# Question about August races



## BrokenSpoke (Jun 28, 2002)

I was looking on the socalcycling.com website and ran across these two races in August:

08/20 Rose Bowl RR Pasadena 
08/21 Rose Bowl Criterium Pasadena

I am planning on traveling to Huntington Beach in August to visit my brother and thought I might take in a couple of races while I was there. What can anyone tell me about these two races? I will be racing Cat 3. 

Thanks.


----------



## BrokenSpoke (Jun 28, 2002)

No one knows anything about these two races???


----------



## bandoulu (Nov 1, 2004)

*No*

But there are "races" every tuesday and thurs at the rosebowl..... I'll ask around.


----------



## uhkuhjillion (Aug 9, 2004)

They used to do the rose bowl races every year back in the 80's. The promoter is trying to bring them back but hasn't had much luck. Apparently they have put those races on the schedule a couple times the last few years and they didn't happen. I recently heard through word of mouth the the promoter only gives a 50/50 chance of them happening. So I wouldn't plan on scheduling a trip around them.
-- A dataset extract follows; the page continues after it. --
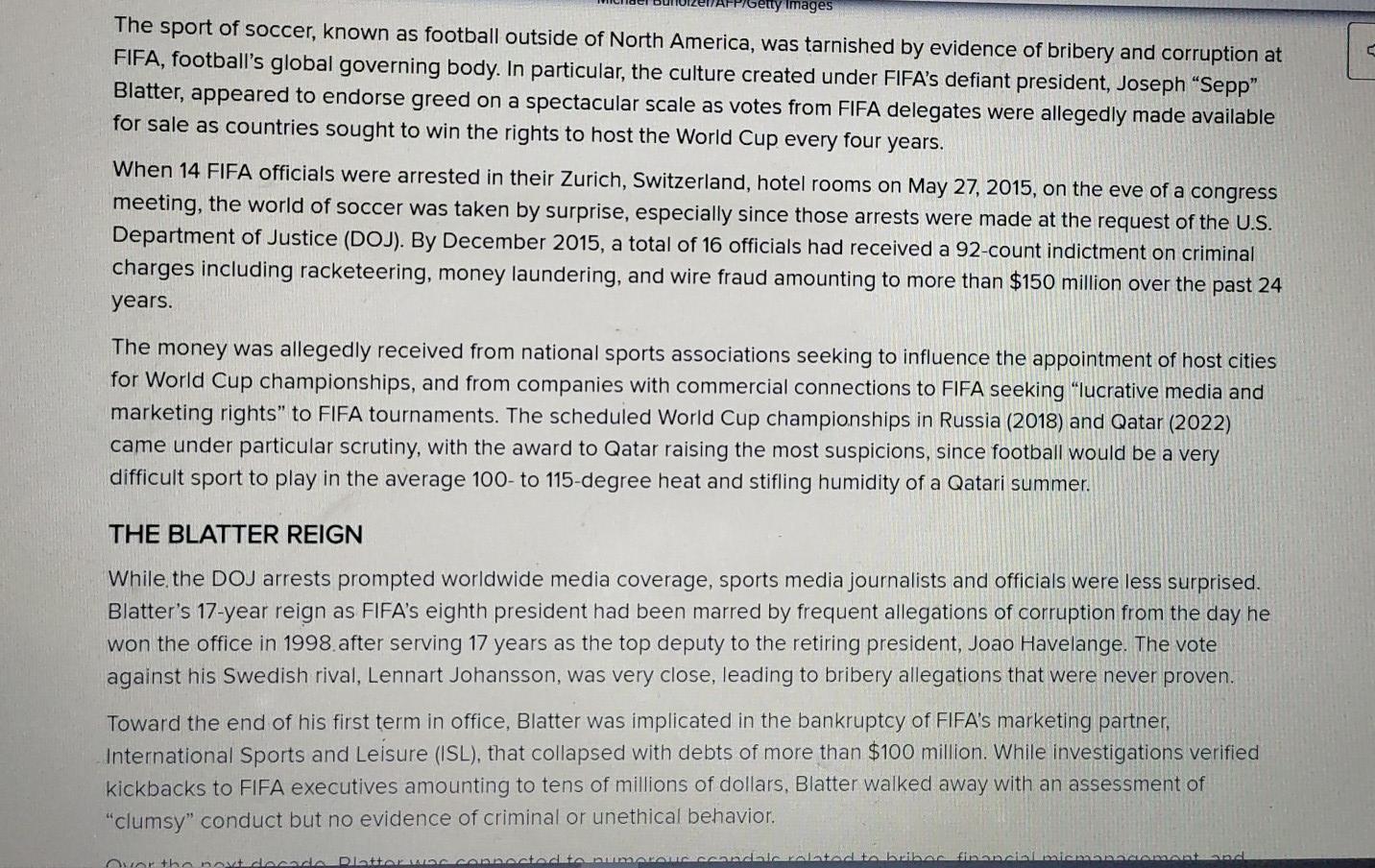 Old MathJax webview This a discussion #3 case 1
If they happen the road race will actually be a loop no more than 5 miles.

Manhattan Beach GP is a big popular race, A semi hilly crit. If you like riding hills the West LA college crit is good. I'm not too good at guessing distances and grades but I would say that West LA has a 10-12 percent grade about .25 mile long on a course that is a little over a mile in distance. Lots of people get dropped quickly, but it is great watching racers suffer up that hill.

Road Racing in So Cal starts at the end of January and the season is actually slowing down now, it's starting to get pretty hot. I think a lot of people start getting burnt out now and go off doing summer vacation stuff, but there are a few good races in July and August.


----------